» ASSIGNED TASK
Lines from the first one down to the one containing "Molar d'oreiller de" in the data below are the only ones needed; please return them exactly, both ends included.

---

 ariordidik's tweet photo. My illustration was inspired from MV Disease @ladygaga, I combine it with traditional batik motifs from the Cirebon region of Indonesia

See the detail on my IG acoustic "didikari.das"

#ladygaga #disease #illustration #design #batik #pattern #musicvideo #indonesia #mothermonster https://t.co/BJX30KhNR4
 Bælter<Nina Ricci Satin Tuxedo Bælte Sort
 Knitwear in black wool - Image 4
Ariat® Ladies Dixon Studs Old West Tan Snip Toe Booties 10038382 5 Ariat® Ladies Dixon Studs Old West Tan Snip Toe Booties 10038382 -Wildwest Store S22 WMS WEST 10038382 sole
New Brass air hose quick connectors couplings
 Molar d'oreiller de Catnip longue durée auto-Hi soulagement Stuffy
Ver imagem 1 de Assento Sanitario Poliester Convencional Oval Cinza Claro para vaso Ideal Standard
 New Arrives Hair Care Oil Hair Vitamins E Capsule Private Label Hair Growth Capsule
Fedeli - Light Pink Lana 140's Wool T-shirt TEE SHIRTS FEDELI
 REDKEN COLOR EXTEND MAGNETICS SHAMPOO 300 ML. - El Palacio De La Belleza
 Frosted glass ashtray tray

---

» EXERCISE OUTPUT
 ariordidik's tweet photo. My illustration was inspired from MV Disease @ladygaga, I combine it with traditional batik motifs from the Cirebon region of Indonesia

See the detail on my IG acoustic "didikari.das"

#ladygaga #disease #illustration #design #batik #pattern #musicvideo #indonesia #mothermonster https://t.co/BJX30KhNR4
 Bælter<Nina Ricci Satin Tuxedo Bælte Sort
 Knitwear in black wool - Image 4
Ariat® Ladies Dixon Studs Old West Tan Snip Toe Booties 10038382 5 Ariat® Ladies Dixon Studs Old West Tan Snip Toe Booties 10038382 -Wildwest Store S22 WMS WEST 10038382 sole
New Brass air hose quick connectors couplings
 Molar d'oreiller de Catnip longue durée auto-Hi soulagement Stuffy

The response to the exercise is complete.